Source data:
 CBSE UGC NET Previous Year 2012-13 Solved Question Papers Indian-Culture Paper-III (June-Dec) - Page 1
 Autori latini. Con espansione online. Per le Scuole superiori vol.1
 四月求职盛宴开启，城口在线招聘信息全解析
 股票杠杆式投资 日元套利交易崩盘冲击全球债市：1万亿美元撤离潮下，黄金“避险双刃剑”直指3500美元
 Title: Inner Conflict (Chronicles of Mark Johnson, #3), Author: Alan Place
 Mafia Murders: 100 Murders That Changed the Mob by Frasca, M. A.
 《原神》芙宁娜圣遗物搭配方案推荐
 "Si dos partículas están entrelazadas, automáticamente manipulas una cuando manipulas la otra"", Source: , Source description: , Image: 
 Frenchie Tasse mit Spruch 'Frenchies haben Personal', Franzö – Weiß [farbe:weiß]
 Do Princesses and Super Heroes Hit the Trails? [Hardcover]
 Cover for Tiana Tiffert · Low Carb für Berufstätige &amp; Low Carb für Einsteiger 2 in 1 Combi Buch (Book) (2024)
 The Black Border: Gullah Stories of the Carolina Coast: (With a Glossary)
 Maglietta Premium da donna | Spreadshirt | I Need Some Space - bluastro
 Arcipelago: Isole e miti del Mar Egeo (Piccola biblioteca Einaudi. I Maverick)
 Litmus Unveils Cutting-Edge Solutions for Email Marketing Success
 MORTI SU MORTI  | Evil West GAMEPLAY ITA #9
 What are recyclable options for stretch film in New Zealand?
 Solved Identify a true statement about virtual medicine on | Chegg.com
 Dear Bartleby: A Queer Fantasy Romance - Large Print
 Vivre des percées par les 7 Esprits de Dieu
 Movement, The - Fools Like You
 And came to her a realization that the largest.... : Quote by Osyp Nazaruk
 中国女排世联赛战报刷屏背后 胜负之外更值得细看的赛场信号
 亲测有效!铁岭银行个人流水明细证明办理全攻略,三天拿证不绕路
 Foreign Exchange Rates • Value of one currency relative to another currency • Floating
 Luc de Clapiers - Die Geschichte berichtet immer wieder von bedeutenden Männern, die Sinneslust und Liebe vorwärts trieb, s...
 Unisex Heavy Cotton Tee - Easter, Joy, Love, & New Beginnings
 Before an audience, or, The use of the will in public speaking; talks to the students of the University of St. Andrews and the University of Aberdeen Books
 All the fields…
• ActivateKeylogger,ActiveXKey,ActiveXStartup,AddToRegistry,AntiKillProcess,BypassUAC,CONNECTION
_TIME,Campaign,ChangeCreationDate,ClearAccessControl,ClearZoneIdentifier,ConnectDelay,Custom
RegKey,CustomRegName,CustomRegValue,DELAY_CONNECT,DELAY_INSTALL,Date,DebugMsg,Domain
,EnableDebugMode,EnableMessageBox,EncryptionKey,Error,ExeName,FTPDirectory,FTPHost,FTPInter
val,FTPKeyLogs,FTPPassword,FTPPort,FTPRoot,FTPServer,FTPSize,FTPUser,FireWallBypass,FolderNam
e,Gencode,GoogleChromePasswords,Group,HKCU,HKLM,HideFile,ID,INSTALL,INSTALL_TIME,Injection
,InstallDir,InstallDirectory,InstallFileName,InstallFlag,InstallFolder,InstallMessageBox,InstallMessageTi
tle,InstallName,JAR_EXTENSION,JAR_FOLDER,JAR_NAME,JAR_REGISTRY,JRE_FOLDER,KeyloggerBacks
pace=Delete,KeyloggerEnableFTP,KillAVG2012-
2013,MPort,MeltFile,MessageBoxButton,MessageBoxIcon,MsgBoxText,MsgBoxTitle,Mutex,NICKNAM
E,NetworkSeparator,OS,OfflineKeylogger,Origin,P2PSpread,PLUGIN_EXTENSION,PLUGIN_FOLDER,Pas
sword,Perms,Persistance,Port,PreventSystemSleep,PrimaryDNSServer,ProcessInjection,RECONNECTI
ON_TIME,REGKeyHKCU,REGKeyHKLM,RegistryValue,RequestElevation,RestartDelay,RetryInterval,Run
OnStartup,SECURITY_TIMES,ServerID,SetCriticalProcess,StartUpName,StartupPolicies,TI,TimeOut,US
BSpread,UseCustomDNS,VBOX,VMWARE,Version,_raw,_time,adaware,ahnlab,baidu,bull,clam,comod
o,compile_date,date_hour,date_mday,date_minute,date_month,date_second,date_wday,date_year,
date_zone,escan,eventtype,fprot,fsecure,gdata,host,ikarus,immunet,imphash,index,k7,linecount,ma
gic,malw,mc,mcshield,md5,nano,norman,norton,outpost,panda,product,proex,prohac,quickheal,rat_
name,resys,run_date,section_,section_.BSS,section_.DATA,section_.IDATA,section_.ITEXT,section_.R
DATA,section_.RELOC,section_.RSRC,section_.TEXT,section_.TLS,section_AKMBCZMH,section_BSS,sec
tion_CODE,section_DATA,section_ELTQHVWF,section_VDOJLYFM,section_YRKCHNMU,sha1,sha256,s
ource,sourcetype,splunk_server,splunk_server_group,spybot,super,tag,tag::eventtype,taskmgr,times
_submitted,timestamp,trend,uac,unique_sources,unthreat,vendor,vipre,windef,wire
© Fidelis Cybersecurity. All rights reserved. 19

## Exercise prompt:
Wherever the string "eventtype" appears in the data above, report the whole line.

## Solution for this task:
date_zone,escan,eventtype,fprot,fsecure,gdata,host,ikarus,immunet,imphash,index,k7,linecount,ma
ource,sourcetype,splunk_server,splunk_server_group,spybot,super,tag,tag::eventtype,taskmgr,times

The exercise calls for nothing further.